Restate word for word every line from the one containing "SAR 2100, 12 PRO MAX 256 GB Home Used" to the last line of the records below.
◆ ◆ ◆ ◆ ◆ ◆ ◆
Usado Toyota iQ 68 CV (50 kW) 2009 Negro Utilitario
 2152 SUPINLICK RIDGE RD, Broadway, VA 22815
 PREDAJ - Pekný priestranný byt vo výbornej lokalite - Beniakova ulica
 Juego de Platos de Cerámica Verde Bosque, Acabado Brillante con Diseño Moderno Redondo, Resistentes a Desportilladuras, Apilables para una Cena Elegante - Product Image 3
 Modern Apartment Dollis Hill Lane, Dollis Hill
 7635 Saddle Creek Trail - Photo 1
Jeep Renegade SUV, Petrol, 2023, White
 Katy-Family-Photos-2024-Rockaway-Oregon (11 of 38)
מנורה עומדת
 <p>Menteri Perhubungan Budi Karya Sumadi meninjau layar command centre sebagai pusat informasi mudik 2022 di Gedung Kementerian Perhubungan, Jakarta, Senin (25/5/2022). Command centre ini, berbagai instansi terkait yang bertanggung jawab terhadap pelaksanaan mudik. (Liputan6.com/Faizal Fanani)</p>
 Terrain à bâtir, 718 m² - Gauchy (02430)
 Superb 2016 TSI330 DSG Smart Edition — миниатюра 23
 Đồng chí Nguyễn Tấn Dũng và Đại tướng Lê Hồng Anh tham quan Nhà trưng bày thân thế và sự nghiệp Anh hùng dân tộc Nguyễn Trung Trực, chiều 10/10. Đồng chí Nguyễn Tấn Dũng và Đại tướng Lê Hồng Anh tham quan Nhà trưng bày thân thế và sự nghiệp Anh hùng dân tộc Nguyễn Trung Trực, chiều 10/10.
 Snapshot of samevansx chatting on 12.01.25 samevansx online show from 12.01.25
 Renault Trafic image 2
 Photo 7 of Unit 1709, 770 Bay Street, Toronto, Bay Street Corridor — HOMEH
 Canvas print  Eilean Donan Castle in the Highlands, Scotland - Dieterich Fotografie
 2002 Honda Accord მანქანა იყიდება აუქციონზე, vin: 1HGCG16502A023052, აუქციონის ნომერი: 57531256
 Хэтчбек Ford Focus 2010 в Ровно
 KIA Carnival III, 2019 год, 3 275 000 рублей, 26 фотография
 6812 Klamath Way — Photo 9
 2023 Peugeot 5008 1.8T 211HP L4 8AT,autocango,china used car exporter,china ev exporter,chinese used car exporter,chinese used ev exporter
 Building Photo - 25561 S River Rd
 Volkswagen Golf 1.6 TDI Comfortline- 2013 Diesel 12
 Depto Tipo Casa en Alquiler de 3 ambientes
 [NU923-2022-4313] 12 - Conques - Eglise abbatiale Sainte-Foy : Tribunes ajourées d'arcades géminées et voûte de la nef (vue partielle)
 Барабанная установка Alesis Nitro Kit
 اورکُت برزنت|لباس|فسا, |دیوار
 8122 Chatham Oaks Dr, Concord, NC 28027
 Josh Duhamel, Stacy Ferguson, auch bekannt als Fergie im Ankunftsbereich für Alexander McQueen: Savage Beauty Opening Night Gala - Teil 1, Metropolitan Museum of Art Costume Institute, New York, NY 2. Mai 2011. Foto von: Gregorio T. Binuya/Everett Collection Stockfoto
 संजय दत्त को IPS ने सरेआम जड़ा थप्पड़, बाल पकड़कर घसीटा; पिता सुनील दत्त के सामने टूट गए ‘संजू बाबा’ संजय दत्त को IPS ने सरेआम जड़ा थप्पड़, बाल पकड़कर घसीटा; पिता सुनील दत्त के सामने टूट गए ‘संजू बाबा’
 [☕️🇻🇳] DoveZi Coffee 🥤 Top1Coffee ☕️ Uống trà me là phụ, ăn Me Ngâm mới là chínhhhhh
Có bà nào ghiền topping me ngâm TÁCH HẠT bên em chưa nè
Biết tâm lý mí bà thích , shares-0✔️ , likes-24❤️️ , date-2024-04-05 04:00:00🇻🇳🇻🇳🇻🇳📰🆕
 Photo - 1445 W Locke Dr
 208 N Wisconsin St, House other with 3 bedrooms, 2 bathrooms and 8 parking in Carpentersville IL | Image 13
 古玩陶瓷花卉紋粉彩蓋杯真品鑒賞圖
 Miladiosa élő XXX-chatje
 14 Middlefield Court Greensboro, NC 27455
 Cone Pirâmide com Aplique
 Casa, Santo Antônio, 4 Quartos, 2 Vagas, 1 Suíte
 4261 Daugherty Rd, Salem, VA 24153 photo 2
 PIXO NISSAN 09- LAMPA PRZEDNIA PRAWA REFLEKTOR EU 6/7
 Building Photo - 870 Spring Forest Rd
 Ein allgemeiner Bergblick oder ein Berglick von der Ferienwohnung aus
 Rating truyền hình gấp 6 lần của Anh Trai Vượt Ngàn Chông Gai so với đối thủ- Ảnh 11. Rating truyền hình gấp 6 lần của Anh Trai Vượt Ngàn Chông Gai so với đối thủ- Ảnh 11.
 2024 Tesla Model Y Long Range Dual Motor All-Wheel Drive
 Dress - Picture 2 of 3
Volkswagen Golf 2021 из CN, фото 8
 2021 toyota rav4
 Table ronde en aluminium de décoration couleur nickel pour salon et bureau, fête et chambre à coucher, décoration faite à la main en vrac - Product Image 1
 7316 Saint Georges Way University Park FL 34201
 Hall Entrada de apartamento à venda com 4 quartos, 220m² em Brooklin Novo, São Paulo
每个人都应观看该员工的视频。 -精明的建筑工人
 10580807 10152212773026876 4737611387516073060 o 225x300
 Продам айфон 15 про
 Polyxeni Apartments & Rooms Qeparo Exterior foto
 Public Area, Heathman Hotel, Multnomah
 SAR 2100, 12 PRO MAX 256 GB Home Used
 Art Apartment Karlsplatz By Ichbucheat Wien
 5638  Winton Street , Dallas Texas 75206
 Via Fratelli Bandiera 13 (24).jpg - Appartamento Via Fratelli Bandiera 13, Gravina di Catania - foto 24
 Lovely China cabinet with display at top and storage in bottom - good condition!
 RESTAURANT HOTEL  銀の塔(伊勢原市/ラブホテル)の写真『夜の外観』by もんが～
◆ ◆ ◆ ◆ ◆ ◆ ◆
# [Result of the exercise]
 SAR 2100, 12 PRO MAX 256 GB Home Used
 Art Apartment Karlsplatz By Ichbucheat Wien
 5638  Winton Street , Dallas Texas 75206
 Via Fratelli Bandiera 13 (24).jpg - Appartamento Via Fratelli Bandiera 13, Gravina di Catania - foto 24
 Lovely China cabinet with display at top and storage in bottom - good condition!
 RESTAURANT HOTEL  銀の塔(伊勢原市/ラブホテル)の写真『夜の外観』by もんが～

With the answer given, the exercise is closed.